Digital Distraction Tips
As our students know from the Digital Scholarship page, the ENVS Program has strongly supported digital technologies as essential elements in scholarly learning and communication. And contrary to the prevailing mood in higher education, digital devices can be highly useful in notetaking and other classroom tasks.
But let’s face it: digital devices in the classroom can also be highly distracting. Here are some planning tips to help students use digital devices successfully in classroom settings.
- Put away your mobile device. Though the functionality of mobile devices and laptop computers is increasingly similar, most students tend to use their mobile devices for texting and other distracting activities. Just put it away at the start of class and you won’t have this temptation. (There may be exceptions to this rule, as noted below; if so, discuss with your instructor. Certainly, larger devices like tablets and iPads are effective for note taking and in-class research, so you may use them.)

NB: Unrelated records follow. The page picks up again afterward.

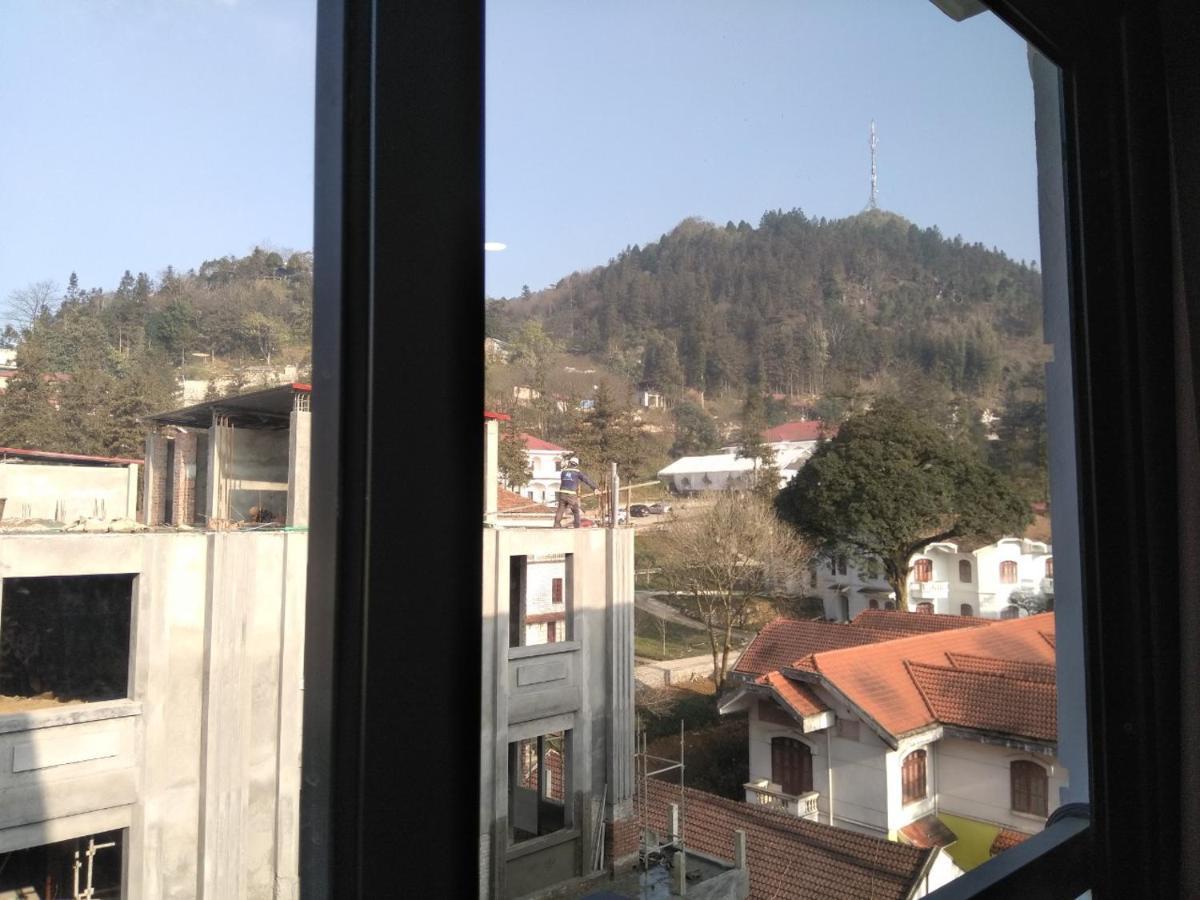 Sapa King Hotel Hung Vuong Hotel المظهر الخارجي الصورة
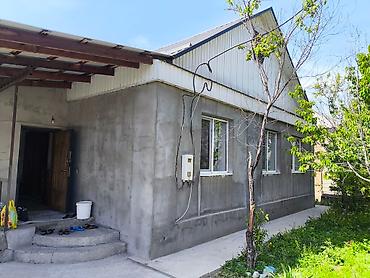 Продажа коттеджей и домов: Продается дом в поселке Манас, 16 км от города Бишкек, участок 8 — 3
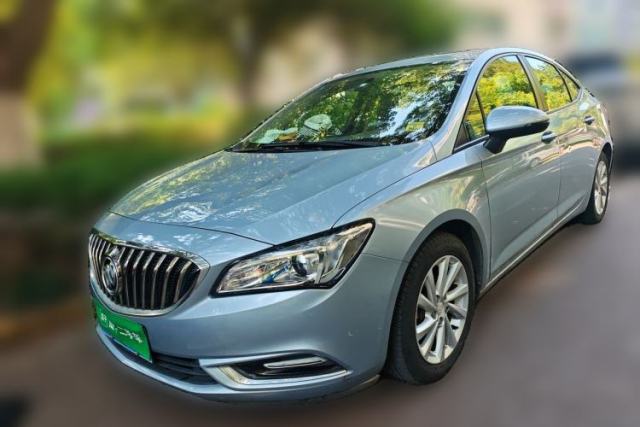 Buick Verano 2015 Sedan 15S Automatic Leading Model usado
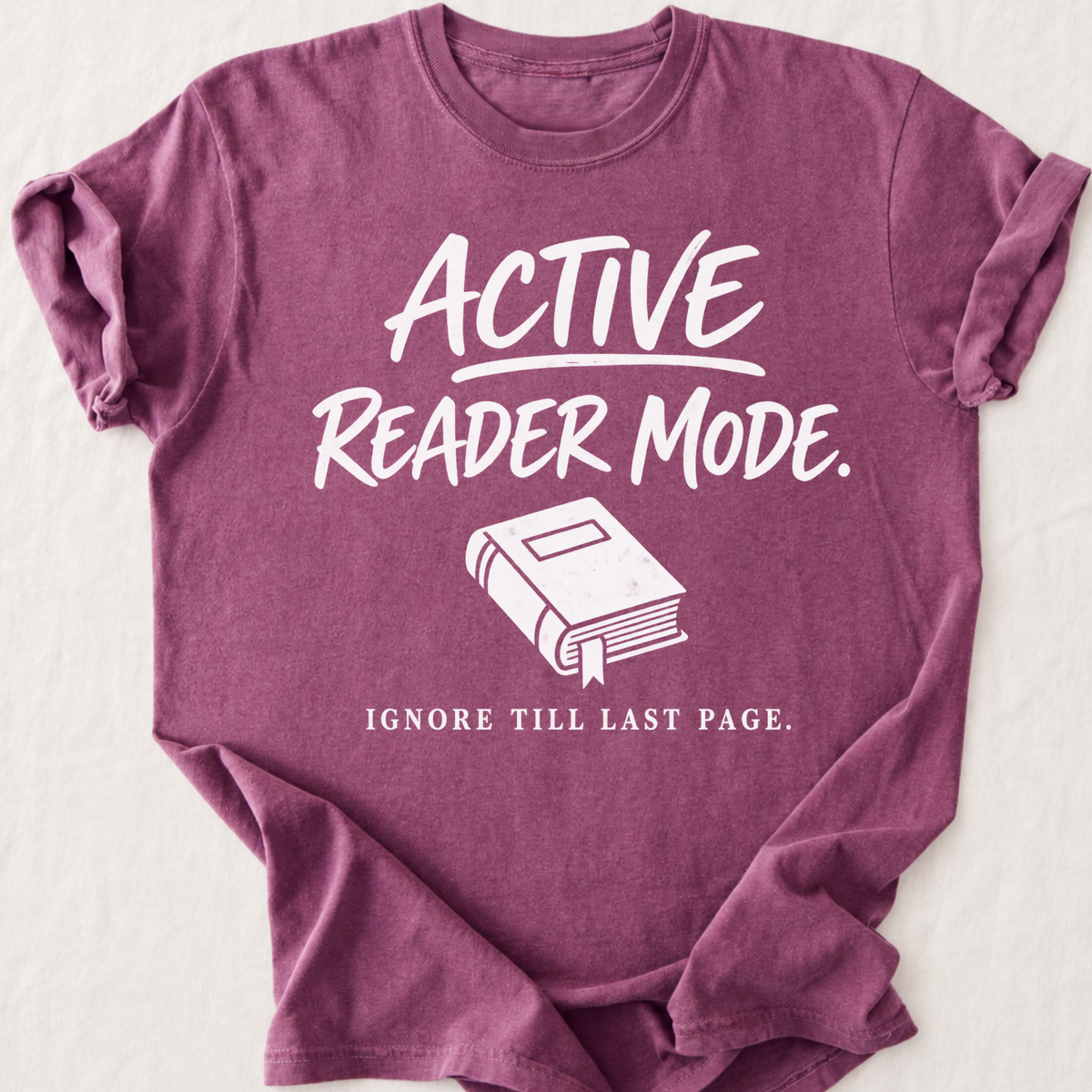 Reader Mode T-Shirt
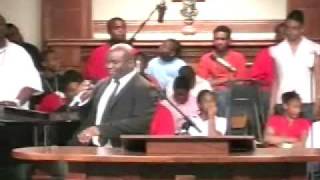 Pastor H.B. Charles - Sermon Close.wmv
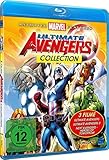 Image de Ultimate Avengers - Collection - 3 auf 1 [Blu-ray]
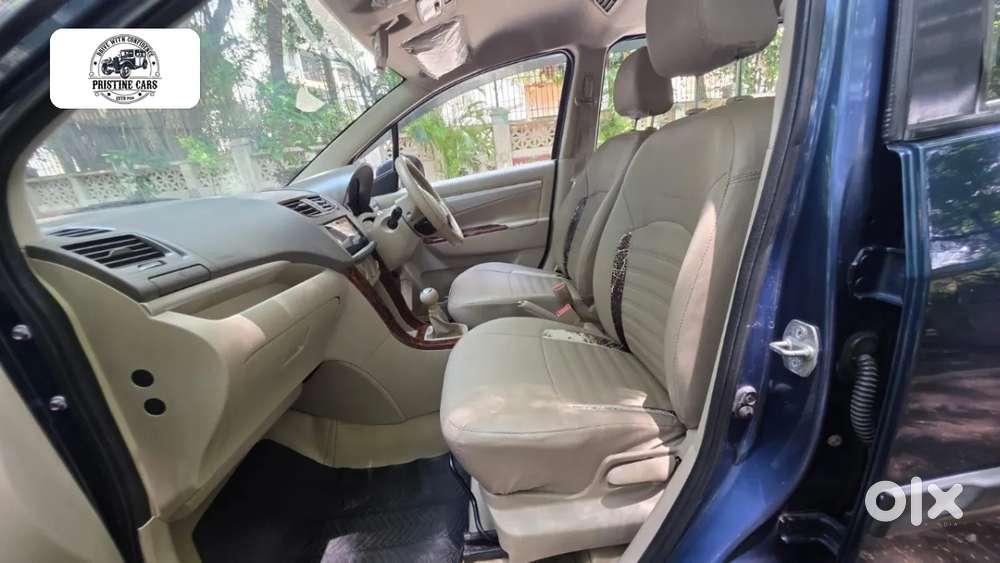 Maruti Suzuki Ertiga, 2016, Petrol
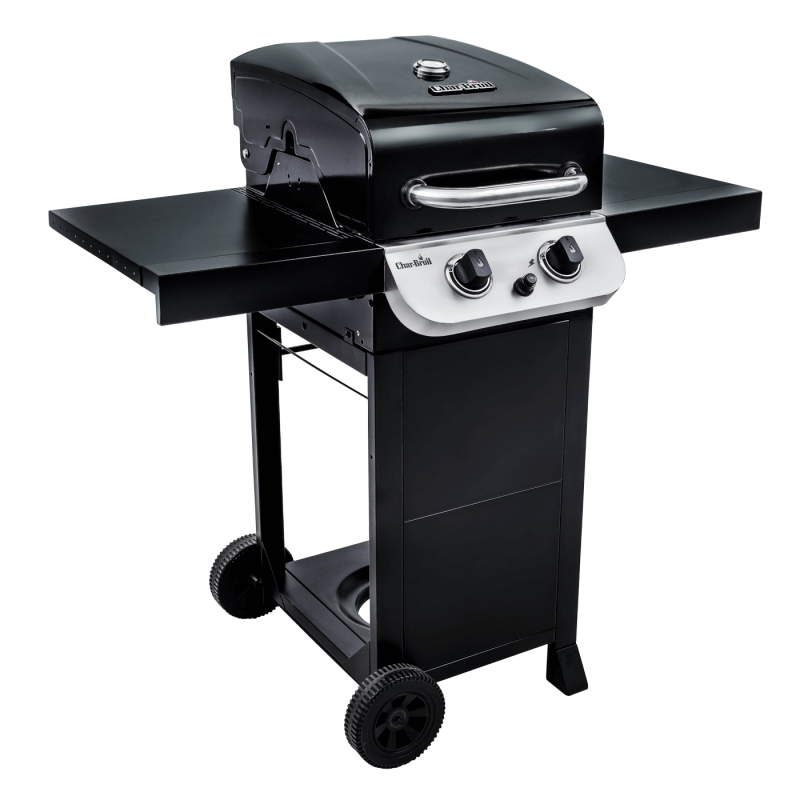 Dujinis grilis Char-Broil Convective 210 B – Paveikslėlis 4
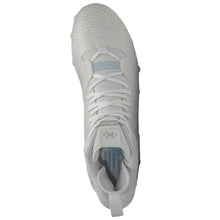 Load image into Gallery viewer, New Balance NB Field Lacrosse Cleats New Balance NB FreezeLX v3 Men&#39;s White Top pointing up
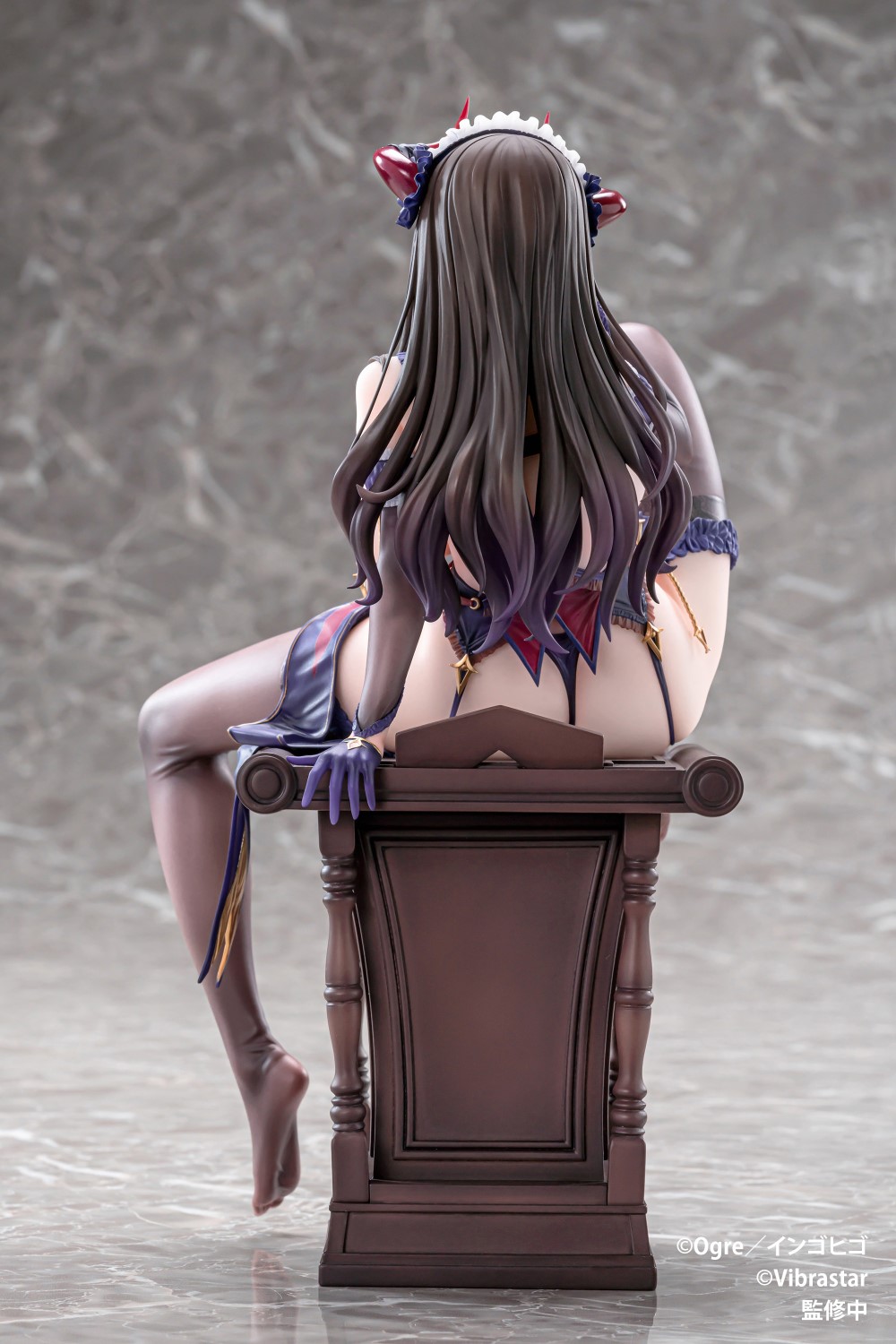 Ogre's Petronille [Succubus Costume]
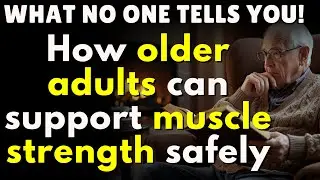 I Took Just 5g a Day &mdash; Inflammation Died, Fat Melted & Muscle Awakened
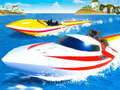 Igra Speedboat Challenge Racing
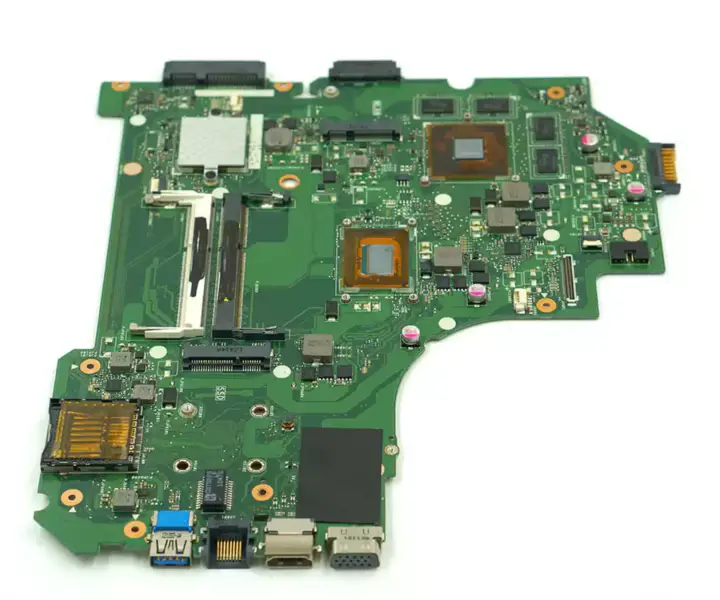 Asus K56CM Moederbord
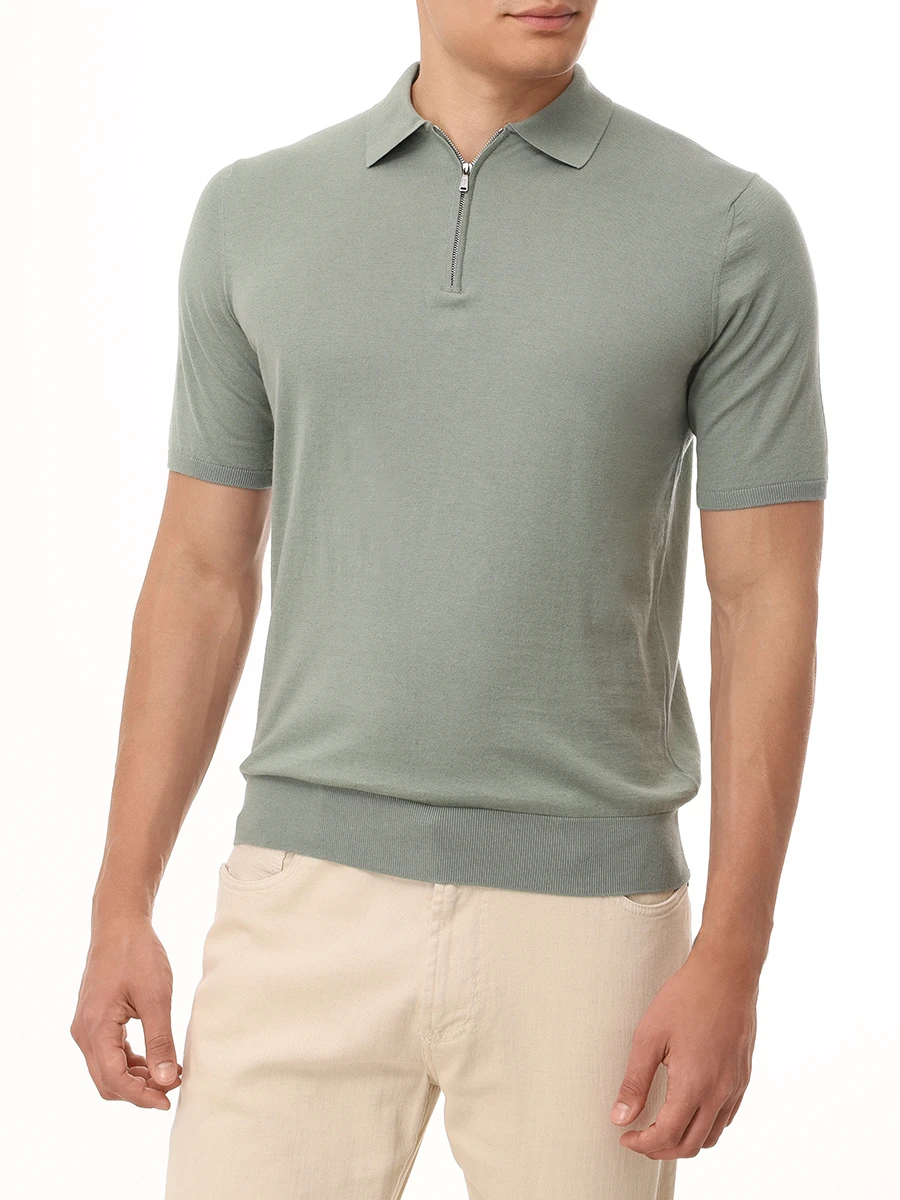 Поло хлопковое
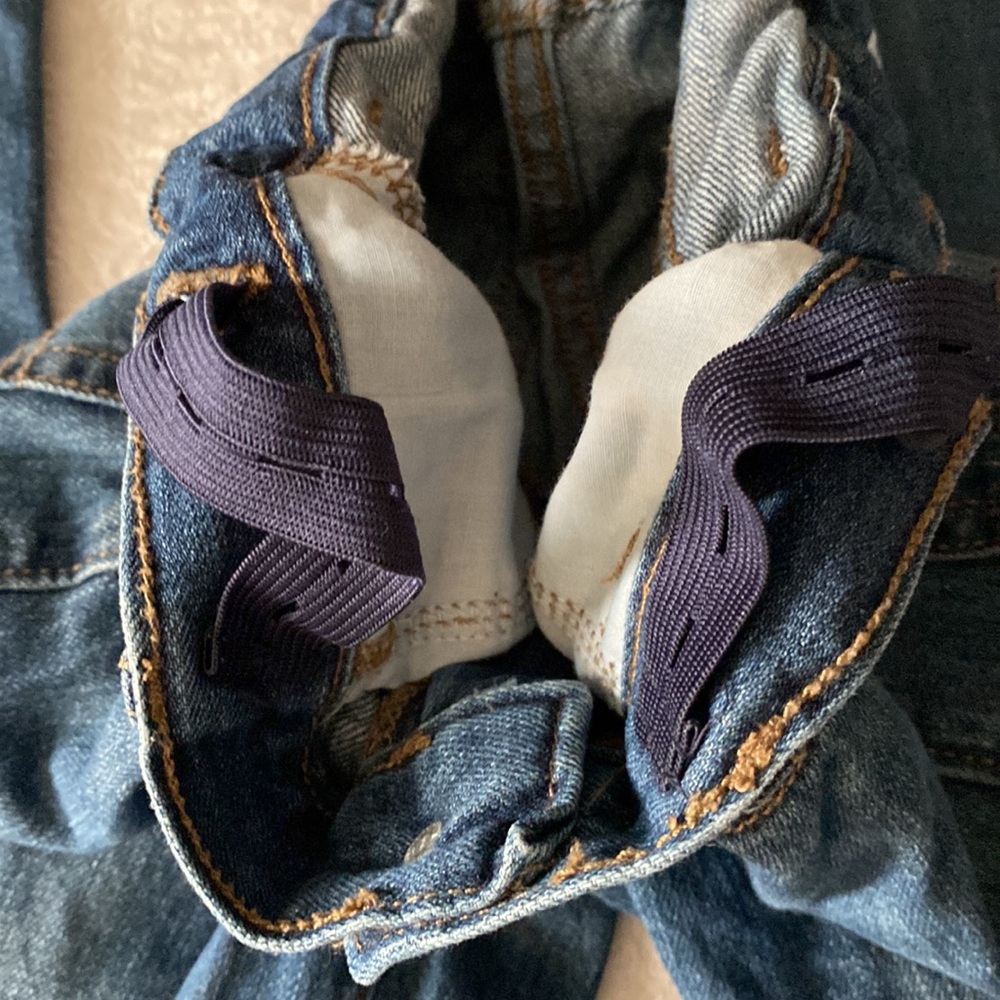 Children’s Place bootcut jeans (12) - Picture 3 of 8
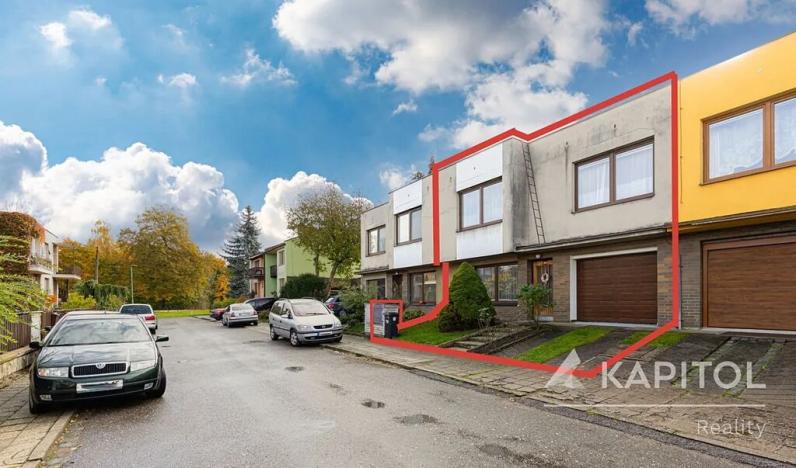 Prodej rodinného domu, Chlumec nad Cidlinou, Na Lukách, 149 m2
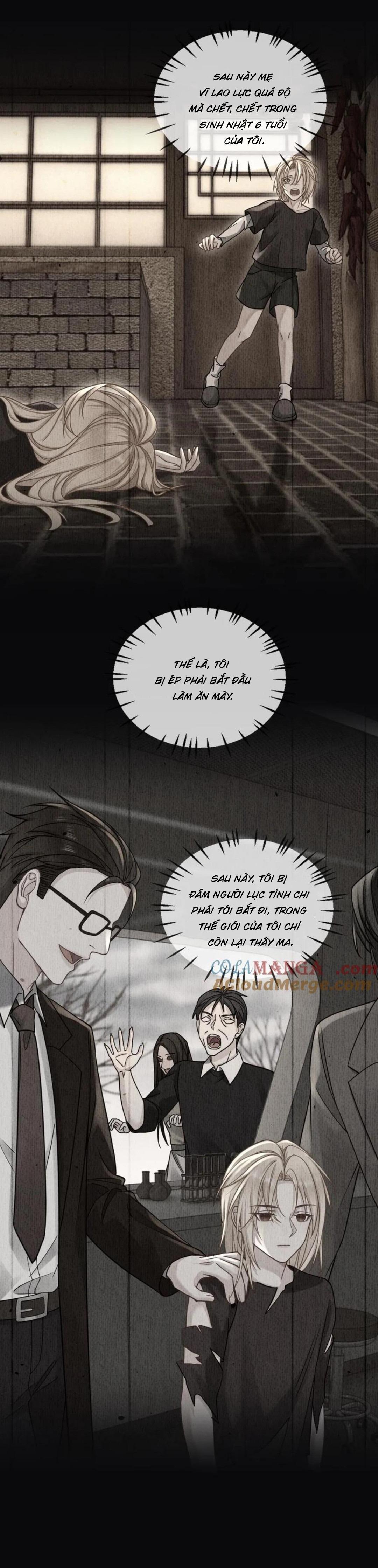 Khát Vọng Ngọt Ngào Chapter 365 - Next Chapter 366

- Get your laptop focus-ready. If you are planning to use your laptop (or larger digital device) in class, you can readily turn on Do Not Disturb on your Mac or Quiet Hours on your PC to avoid notifications (e.g., of new emails or texts). But these built-in features generally do not fully eliminate distractions such as social media websites or gaming apps. You may thus want to invest in a suitable app (e.g., Focus for Mac), which may cost you a few dollars but provides more functionality than the Mac/PC defaults. And if all else fails, simply go offline—that will remove most distractions, and you can still use your apps (even Google apps offline).
- Learn how to take digital notes. Taking notes on a laptop offers important benefits, including the ability to organize and find content. (And some take better notes with a stylus on a tablet!) Spend some time, for instance, learning about dedicated notetaking apps such as Evernote and their features (e.g., organizing notes by tags); or if you simply use Word or GoogleDocs, develop a file organization strategy, learn about how to take notes in outline mode, etc.
- Plan ahead for visuals. Admittedly, laptops are less flexible for visual notetaking than handheld devices, for which a wide range of imaging and sketching apps are available. If you find yourself frequently needing to incorporate visuals (e.g., if lectures include images of charts and you need to redraw them yourself), you may need to ask your instructor for permission to use an appropriate (distraction-free) device as part of your strategy.
- Assess your success. The best plan in the world won’t work if you don’t follow it. Make a plan for assessment—say, a weekly check-in with yourself on how well you avoided distraction. If helpful, reach out to a fellow student who sits next to you in class and ask them to help with reminders and routine assessment.